How will you utilize these reports for this matter? (Choose 3)

Explanation

The following are the correct answers:

• Use Popular Objects Report to determine what objects are frequently being accessed, and get statistics on those objects.

• Use Usage Reports to know the number of HTTP and HTTPS requests that CloudFront responds to from edge locations in selected regions.

• Use Viewers Reports to determine the locations of the viewers that access your content most frequently.

The statements mentioned above are correct because you are using the correct report for each purpose. Popular Objects Report can determine what objects are frequently being accessed, and get statistics on those objects. Usage Reports tells you the number of HTTP and HTTPS requests that CloudFront responds to from edge locations in selected regions. Viewers Reports can determine the locations of the viewers that access your content most frequently.

The option that says: Use Cache Statistics Reports to display a list of the 25 website domains that originated the most HTTP and HTTPS requests for objects that CloudFront is distributing for a specified distribution is incorrect because this is actually provided by the Top Referrers Reports and not the Cache Statistics Reports.

The option that says: Use Top Referrers Reports to get statistics on viewer requests grouped by HTTP status code is incorrect because this is actually provided by the Cache Statistics Reports and not the Top Referrers Reports.

The option that says: Use Usage Reports to learn about the different types of browsers that your users frequently use to access your content is incorrect because this is actually provided by the Viewers Reports and not the Usage Reports.

You have two On-Demand EC2 instances in your VPC which are launched in subnet Tango and subnet Delta respectively. You logged into the first instance and tried to ping the second instance but it has no response.

Explanation

To allow traffic on two EC2 instances located on different subnets, you should properly configure their respective Security Groups as well as the Network ACL. Hence, the following options are the correct answers:

• The second instance's security group does not allow inbound ICMP traffic.

• The NACL on subnet Delta does not allow outbound ICMP traffic.

AWS provides two features that you can use to increase security in your VPC: security groups and network ACLs. Security groups control inbound and outbound traffic for your instances, and network ACLs control inbound and outbound traffic for your subnets. In most cases, security groups can meet your needs; however, you can also use network ACLs if you want an additional layer of security for your VPC.

The option that says, "The subnet Tango has no target route to subnet Delta in the route table" is incorrect because every subnet that you create is automatically associated with the main route table for the VPC. Hence, you don't need to define a route from subnet Tango to subnet Delta.
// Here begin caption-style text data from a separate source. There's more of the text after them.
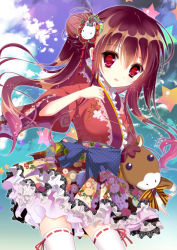 Rule 34 | 1girl, bow, brown hair, carrying, cloud, day, frilled skirt, frills, hair bun, hair ornament, japanese clothes, kimono, kimono skirt, lace, lace-trimmed skirt, lace trim, lolita fashion, long hair, looking at viewer, miniskirt, narrow waist, original, outdoors, parted lips, petticoat, rabbit hair ornament, red eyes, ribbon-trimmed thighhighs, ribbon trim, ringed eyes, shiwasu horio, single side bun, skirt, sky, smile, solo, standing, star (symbol), stuffed animal, stuffed horse, stuffed toy, thighhighs, two side up, unmoving pattern, very long hair, wa lolita, white thighhighs, zettai ryouiki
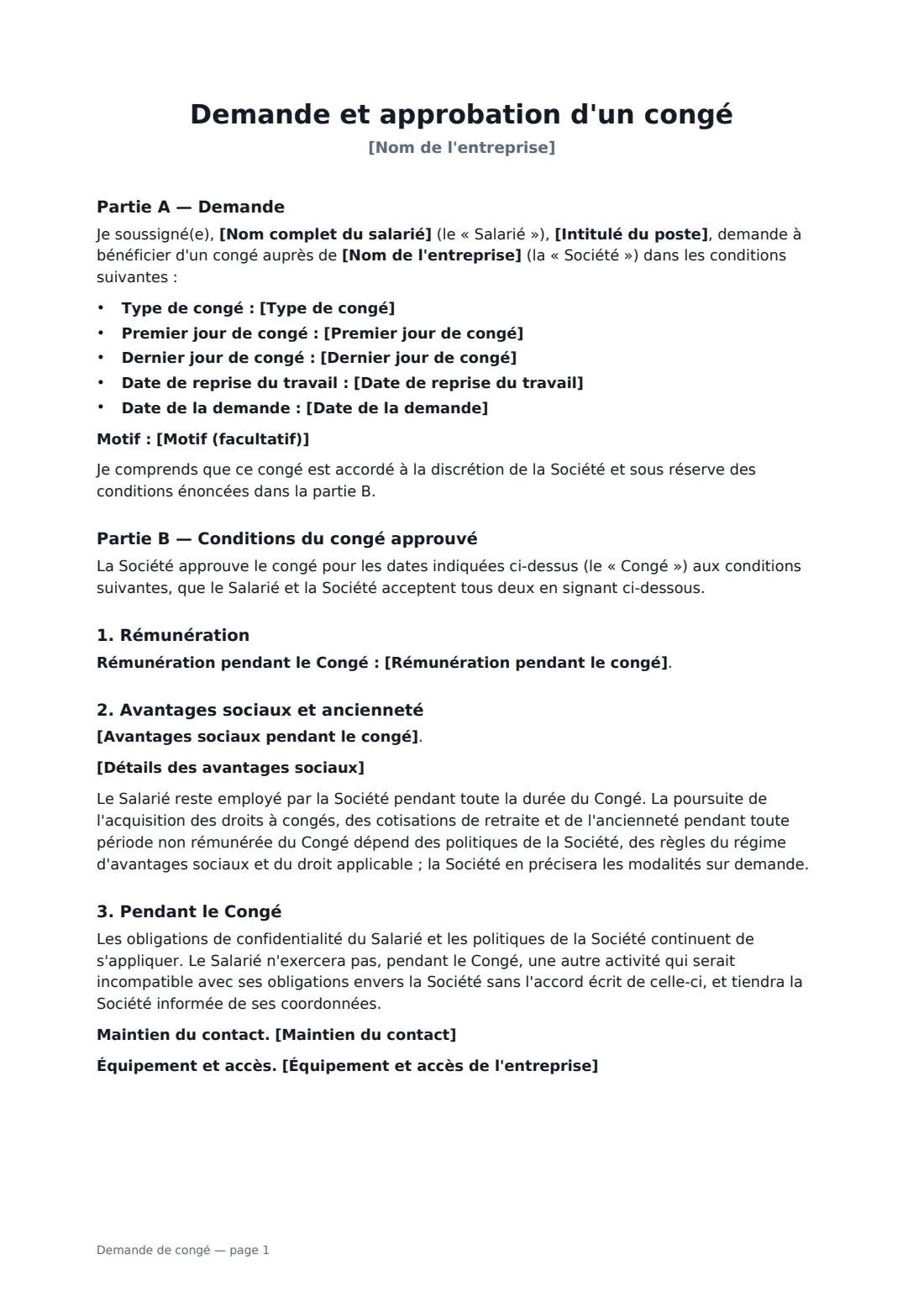 Demande de congé — page 1 sur 2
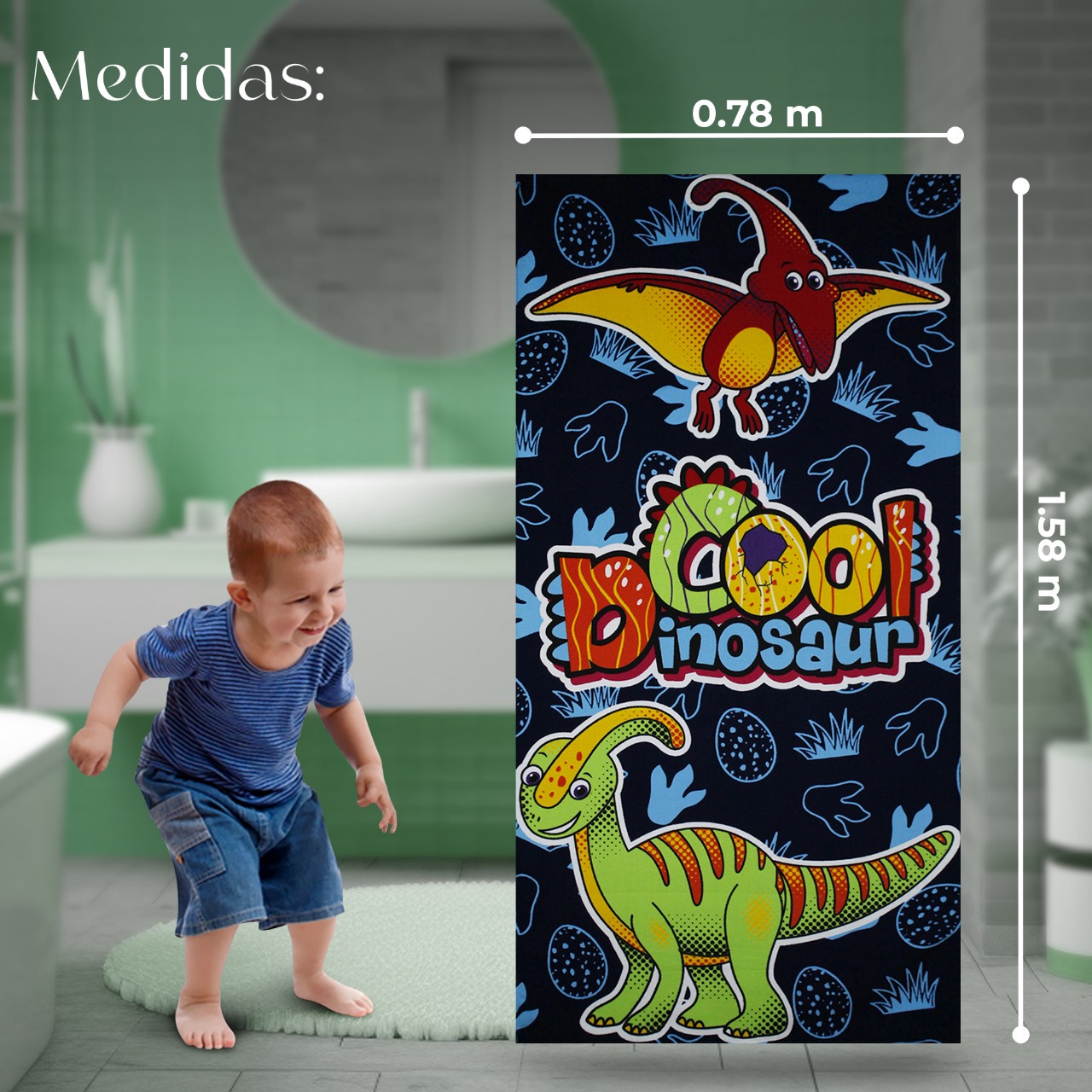 Set 2 Toallas De Baño Grande Diseño Dinosaurios Microfibra de Poliéster Suave Absorbente Secado Rápido Multiuso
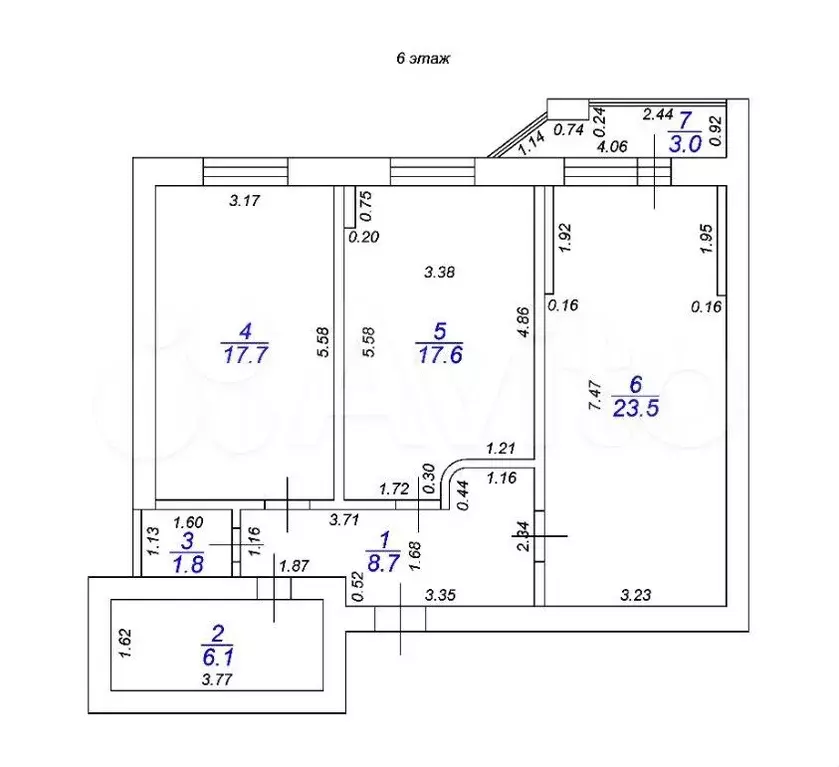 2-к. квартира, 78 м, 5/6 эт. - Фото 0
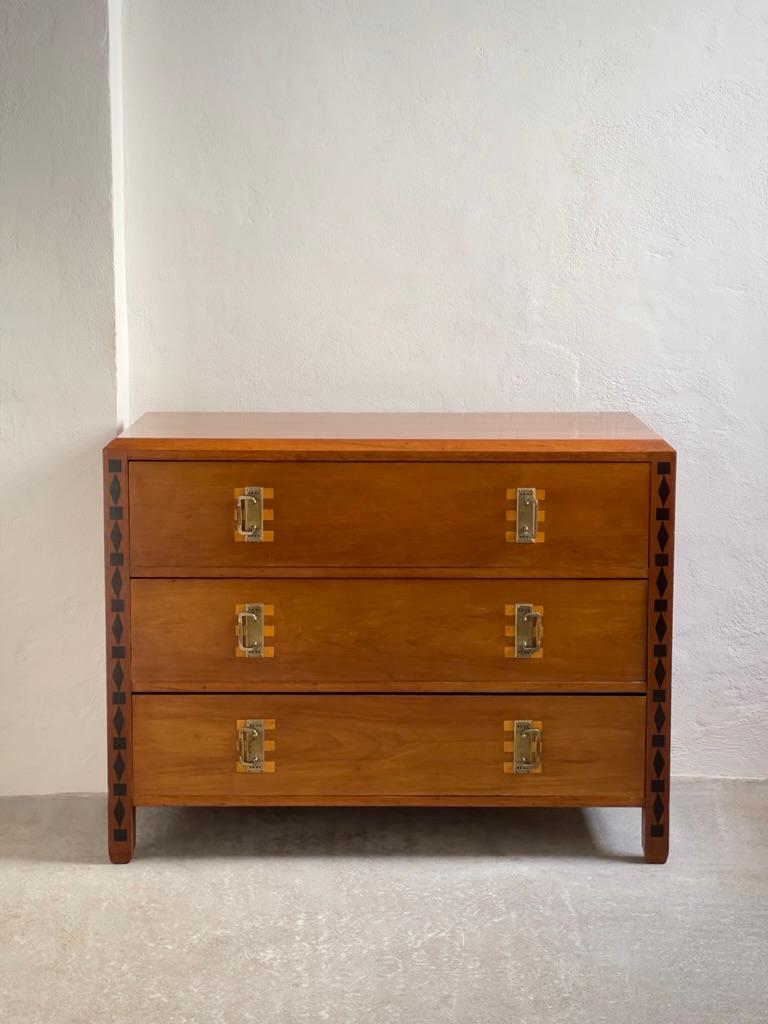 Original 1930s Scandinavian Dresser Intarsia Decorated with Dark and Light Wood For Sale 2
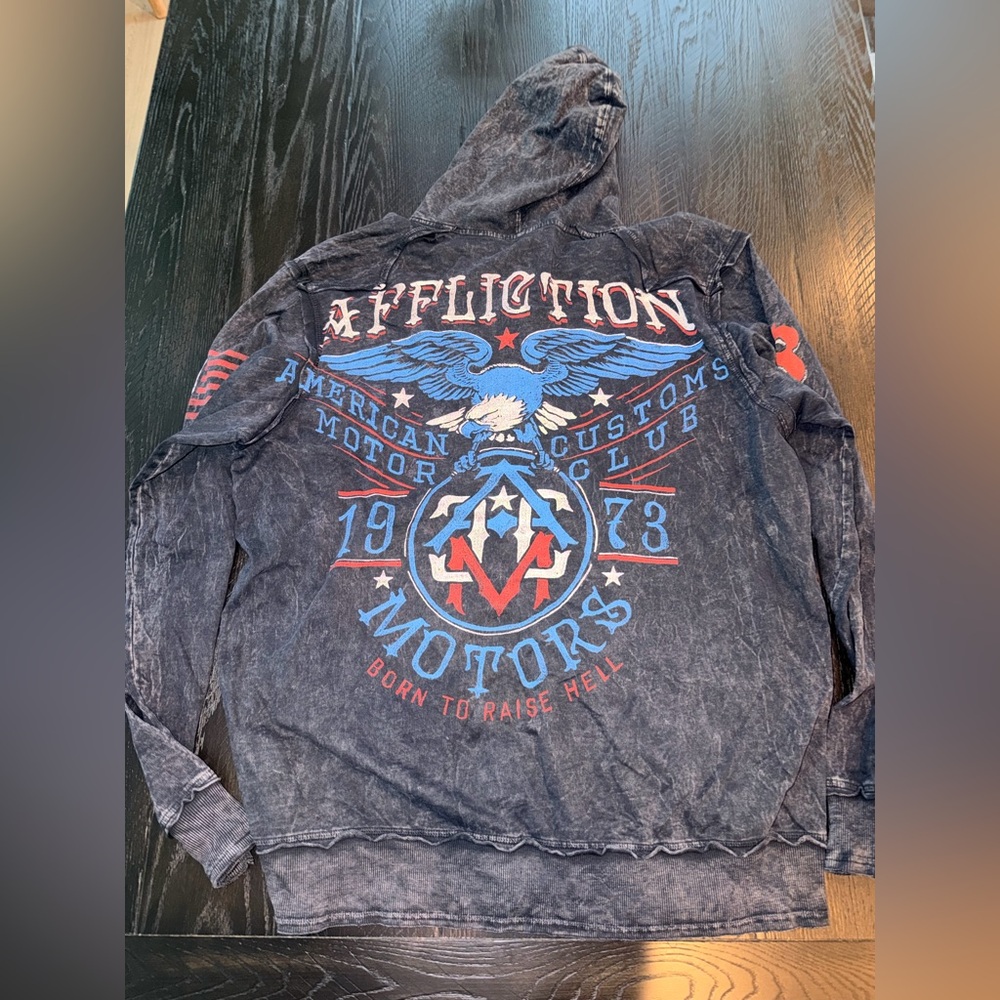 Affliction Black Hoodie with Red and Blue Graphics
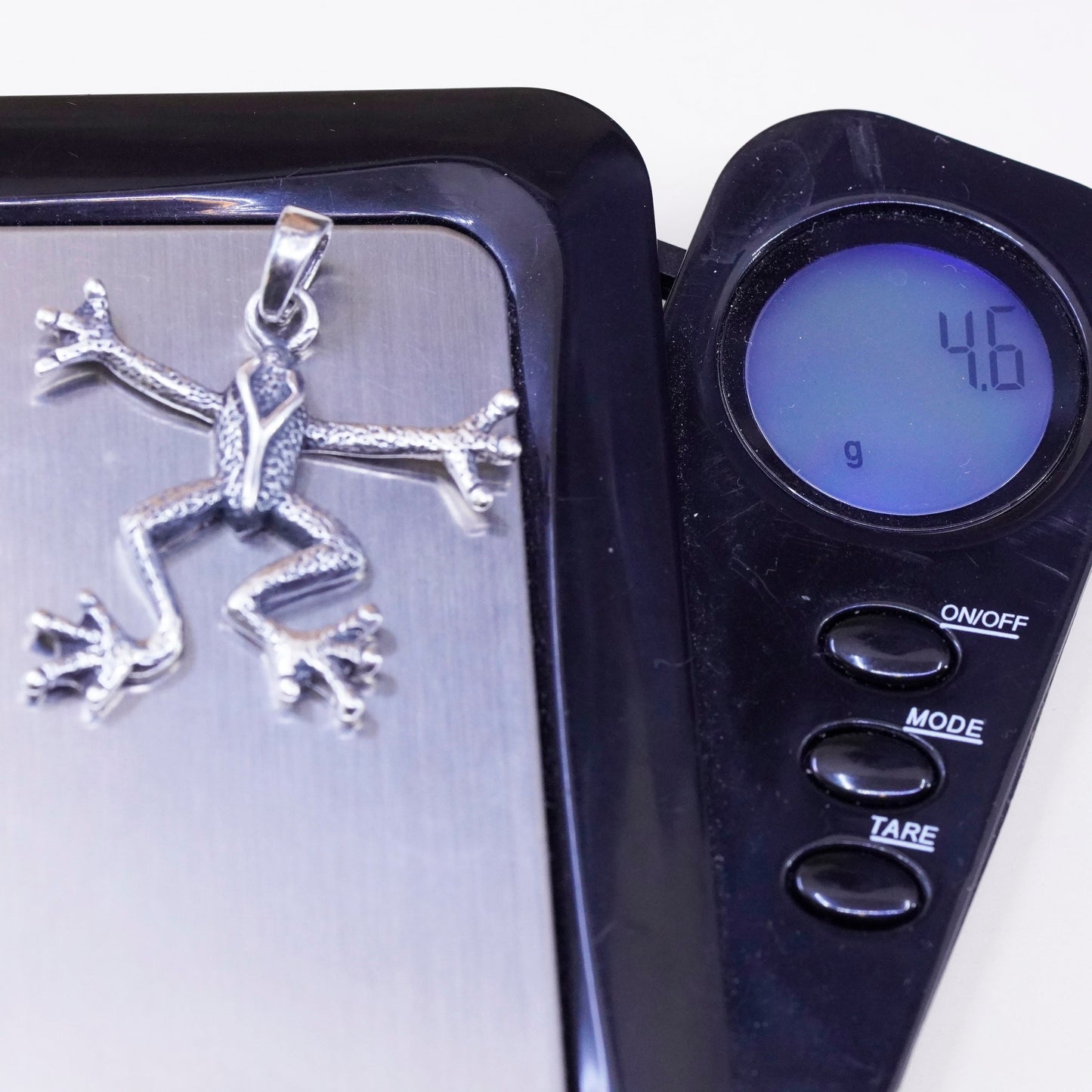 Vintage Sterling silver handmade pendant, 925 frog charm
The option that says, "There is no IAM role provisioned to the first instance" is incorrect because an IAM role is not required to allow communication between two EC2 instances.

The option that says, "There is no Internet Gateway attached to the VPC" is incorrect because there is no requirement to allow the EC2 instances to connect to the Internet, hence, the use of Internet Gateway (IGW) is unnecessary and totally unrelated with the issue.

The option that says, "The subnet Delta is private while subnet Tango is public which is why the two instances could not connect to each other" is incorrect because it does not matter whether the subnet is public or private as long as they both reside in one VPC. Take note that a public subnet basically means that it has a route to the Internet Gateway and a private subnet does not. Hence, the subnet type (public/private) is not related to the issue.